**Instructions to follow:**
Reproduce each record below exactly as written.

**** Data provided ****

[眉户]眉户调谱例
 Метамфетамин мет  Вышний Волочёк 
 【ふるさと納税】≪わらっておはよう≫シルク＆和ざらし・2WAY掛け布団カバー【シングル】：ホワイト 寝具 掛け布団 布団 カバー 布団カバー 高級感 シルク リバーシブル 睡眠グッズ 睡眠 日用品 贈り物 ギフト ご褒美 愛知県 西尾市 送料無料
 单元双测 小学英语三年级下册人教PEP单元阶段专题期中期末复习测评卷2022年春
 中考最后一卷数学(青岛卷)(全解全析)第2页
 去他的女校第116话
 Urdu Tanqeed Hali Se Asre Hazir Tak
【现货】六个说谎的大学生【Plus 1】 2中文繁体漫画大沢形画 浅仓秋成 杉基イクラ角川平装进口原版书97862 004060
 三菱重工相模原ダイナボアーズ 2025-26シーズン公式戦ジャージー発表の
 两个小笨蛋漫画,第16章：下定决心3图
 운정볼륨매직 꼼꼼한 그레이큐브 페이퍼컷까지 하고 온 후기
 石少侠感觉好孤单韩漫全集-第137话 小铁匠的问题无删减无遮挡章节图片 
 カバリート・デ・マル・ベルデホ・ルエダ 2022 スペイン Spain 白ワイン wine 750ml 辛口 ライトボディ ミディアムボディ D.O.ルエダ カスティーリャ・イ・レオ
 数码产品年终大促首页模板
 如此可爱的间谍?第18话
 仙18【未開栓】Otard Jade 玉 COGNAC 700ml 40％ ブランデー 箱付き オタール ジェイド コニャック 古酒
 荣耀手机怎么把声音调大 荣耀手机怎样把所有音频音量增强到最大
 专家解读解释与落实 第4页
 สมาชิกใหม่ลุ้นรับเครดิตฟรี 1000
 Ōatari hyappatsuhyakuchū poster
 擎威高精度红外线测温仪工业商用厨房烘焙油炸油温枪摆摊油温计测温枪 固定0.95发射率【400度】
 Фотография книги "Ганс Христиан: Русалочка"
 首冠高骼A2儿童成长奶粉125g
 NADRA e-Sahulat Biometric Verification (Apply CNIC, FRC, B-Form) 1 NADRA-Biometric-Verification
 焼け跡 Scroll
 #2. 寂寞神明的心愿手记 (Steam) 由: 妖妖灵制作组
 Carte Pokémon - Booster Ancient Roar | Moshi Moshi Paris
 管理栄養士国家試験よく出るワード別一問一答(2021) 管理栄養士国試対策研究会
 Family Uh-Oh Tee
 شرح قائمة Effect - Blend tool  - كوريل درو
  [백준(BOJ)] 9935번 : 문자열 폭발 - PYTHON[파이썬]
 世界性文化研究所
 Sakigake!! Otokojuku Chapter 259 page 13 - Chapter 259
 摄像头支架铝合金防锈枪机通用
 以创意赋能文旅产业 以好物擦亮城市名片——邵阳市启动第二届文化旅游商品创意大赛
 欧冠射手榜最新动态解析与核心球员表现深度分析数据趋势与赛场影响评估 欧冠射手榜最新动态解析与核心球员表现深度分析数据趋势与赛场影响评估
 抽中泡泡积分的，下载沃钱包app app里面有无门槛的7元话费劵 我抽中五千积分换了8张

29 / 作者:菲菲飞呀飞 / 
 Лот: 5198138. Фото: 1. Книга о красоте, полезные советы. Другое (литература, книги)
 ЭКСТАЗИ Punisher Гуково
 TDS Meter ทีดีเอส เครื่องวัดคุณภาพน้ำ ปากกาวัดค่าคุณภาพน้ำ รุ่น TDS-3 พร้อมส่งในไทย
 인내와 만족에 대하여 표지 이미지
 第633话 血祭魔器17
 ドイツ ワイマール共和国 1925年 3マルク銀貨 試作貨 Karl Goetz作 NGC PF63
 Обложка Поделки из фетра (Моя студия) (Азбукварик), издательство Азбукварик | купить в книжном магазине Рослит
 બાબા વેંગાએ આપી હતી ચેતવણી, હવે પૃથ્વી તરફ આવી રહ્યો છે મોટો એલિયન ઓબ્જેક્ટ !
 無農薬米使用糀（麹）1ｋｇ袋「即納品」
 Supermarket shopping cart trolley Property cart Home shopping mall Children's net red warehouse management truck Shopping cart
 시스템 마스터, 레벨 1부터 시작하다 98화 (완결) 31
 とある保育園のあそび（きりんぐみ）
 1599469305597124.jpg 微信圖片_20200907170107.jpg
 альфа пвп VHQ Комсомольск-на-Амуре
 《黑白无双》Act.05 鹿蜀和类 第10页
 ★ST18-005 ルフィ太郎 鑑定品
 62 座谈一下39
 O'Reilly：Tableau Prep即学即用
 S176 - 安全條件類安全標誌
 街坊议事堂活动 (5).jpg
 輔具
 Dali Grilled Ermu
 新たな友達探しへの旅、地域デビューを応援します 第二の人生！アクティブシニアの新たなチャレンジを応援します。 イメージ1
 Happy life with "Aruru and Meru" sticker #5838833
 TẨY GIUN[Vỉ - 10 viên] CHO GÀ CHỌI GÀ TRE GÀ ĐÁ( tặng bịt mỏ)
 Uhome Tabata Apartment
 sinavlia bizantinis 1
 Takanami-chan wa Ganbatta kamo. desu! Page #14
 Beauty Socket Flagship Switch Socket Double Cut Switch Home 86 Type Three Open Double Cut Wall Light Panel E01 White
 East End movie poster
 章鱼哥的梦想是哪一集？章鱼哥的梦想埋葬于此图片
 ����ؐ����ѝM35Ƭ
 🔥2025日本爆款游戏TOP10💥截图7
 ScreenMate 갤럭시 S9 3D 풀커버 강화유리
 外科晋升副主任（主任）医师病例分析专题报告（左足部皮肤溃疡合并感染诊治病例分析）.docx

****

**Exercise answer:**
[眉户]眉户调谱例
 Метамфетамин мет  Вышний Волочёк 
 【ふるさと納税】≪わらっておはよう≫シルク＆和ざらし・2WAY掛け布団カバー【シングル】：ホワイト 寝具 掛け布団 布団 カバー 布団カバー 高級感 シルク リバーシブル 睡眠グッズ 睡眠 日用品 贈り物 ギフト ご褒美 愛知県 西尾市 送料無料
 单元双测 小学英语三年级下册人教PEP单元阶段专题期中期末复习测评卷2022年春
 中考最后一卷数学(青岛卷)(全解全析)第2页
 去他的女校第116话
 Urdu Tanqeed Hali Se Asre Hazir Tak
【现货】六个说谎的大学生【Plus 1】 2中文繁体漫画大沢形画 浅仓秋成 杉基イクラ角川平装进口原版书97862 004060
 三菱重工相模原ダイナボアーズ 2025-26シーズン公式戦ジャージー発表の
 两个小笨蛋漫画,第16章：下定决心3图
 운정볼륨매직 꼼꼼한 그레이큐브 페이퍼컷까지 하고 온 후기
 石少侠感觉好孤单韩漫全集-第137话 小铁匠的问题无删减无遮挡章节图片 
 カバリート・デ・マル・ベルデホ・ルエダ 2022 スペイン Spain 白ワイン wine 750ml 辛口 ライトボディ ミディアムボディ D.O.ルエダ カスティーリャ・イ・レオ
 数码产品年终大促首页模板
 如此可爱的间谍?第18话
 仙18【未開栓】Otard Jade 玉 COGNAC 700ml 40％ ブランデー 箱付き オタール ジェイド コニャック 古酒
 荣耀手机怎么把声音调大 荣耀手机怎样把所有音频音量增强到最大
 专家解读解释与落实 第4页
 สมาชิกใหม่ลุ้นรับเครดิตฟรี 1000
 Ōatari hyappatsuhyakuchū poster
 擎威高精度红外线测温仪工业商用厨房烘焙油炸油温枪摆摊油温计测温枪 固定0.95发射率【400度】
 Фотография книги "Ганс Христиан: Русалочка"
 首冠高骼A2儿童成长奶粉125g
 NADRA e-Sahulat Biometric Verification (Apply CNIC, FRC, B-Form) 1 NADRA-Biometric-Verification
 焼け跡 Scroll
 #2. 寂寞神明的心愿手记 (Steam) 由: 妖妖灵制作组
 Carte Pokémon - Booster Ancient Roar | Moshi Moshi Paris
 管理栄養士国家試験よく出るワード別一問一答(2021) 管理栄養士国試対策研究会
 Family Uh-Oh Tee
 شرح قائمة Effect - Blend tool  - كوريل درو
  [백준(BOJ)] 9935번 : 문자열 폭발 - PYTHON[파이썬]
 世界性文化研究所
 Sakigake!! Otokojuku Chapter 259 page 13 - Chapter 259
 摄像头支架铝合金防锈枪机通用
 以创意赋能文旅产业 以好物擦亮城市名片——邵阳市启动第二届文化旅游商品创意大赛
 欧冠射手榜最新动态解析与核心球员表现深度分析数据趋势与赛场影响评估 欧冠射手榜最新动态解析与核心球员表现深度分析数据趋势与赛场影响评估
 抽中泡泡积分的，下载沃钱包app app里面有无门槛的7元话费劵 我抽中五千积分换了8张

29 / 作者:菲菲飞呀飞 / 
 Лот: 5198138. Фото: 1. Книга о красоте, полезные советы. Другое (литература, книги)
 ЭКСТАЗИ Punisher Гуково
 TDS Meter ทีดีเอส เครื่องวัดคุณภาพน้ำ ปากกาวัดค่าคุณภาพน้ำ รุ่น TDS-3 พร้อมส่งในไทย
 인내와 만족에 대하여 표지 이미지
 第633话 血祭魔器17
 ドイツ ワイマール共和国 1925年 3マルク銀貨 試作貨 Karl Goetz作 NGC PF63
 Обложка Поделки из фетра (Моя студия) (Азбукварик), издательство Азбукварик | купить в книжном магазине Рослит
 બાબા વેંગાએ આપી હતી ચેતવણી, હવે પૃથ્વી તરફ આવી રહ્યો છે મોટો એલિયન ઓબ્જેક્ટ !
 無農薬米使用糀（麹）1ｋｇ袋「即納品」
 Supermarket shopping cart trolley Property cart Home shopping mall Children's net red warehouse management truck Shopping cart
 시스템 마스터, 레벨 1부터 시작하다 98화 (완결) 31
 とある保育園のあそび（きりんぐみ）
 1599469305597124.jpg 微信圖片_20200907170107.jpg
 альфа пвп VHQ Комсомольск-на-Амуре
 《黑白无双》Act.05 鹿蜀和类 第10页
 ★ST18-005 ルフィ太郎 鑑定品
 62 座谈一下39
 O'Reilly：Tableau Prep即学即用
 S176 - 安全條件類安全標誌
 街坊议事堂活动 (5).jpg
 輔具
 Dali Grilled Ermu
 新たな友達探しへの旅、地域デビューを応援します 第二の人生！アクティブシニアの新たなチャレンジを応援します。 イメージ1
 Happy life with "Aruru and Meru" sticker #5838833
 TẨY GIUN[Vỉ - 10 viên] CHO GÀ CHỌI GÀ TRE GÀ ĐÁ( tặng bịt mỏ)
 Uhome Tabata Apartment
 sinavlia bizantinis 1
 Takanami-chan wa Ganbatta kamo. desu! Page #14
 Beauty Socket Flagship Switch Socket Double Cut Switch Home 86 Type Three Open Double Cut Wall Light Panel E01 White
 East End movie poster
 章鱼哥的梦想是哪一集？章鱼哥的梦想埋葬于此图片
 ����ؐ����ѝM35Ƭ
 🔥2025日本爆款游戏TOP10💥截图7
 ScreenMate 갤럭시 S9 3D 풀커버 강화유리
 外科晋升副主任（主任）医师病例分析专题报告（左足部皮肤溃疡合并感染诊治病例分析）.docx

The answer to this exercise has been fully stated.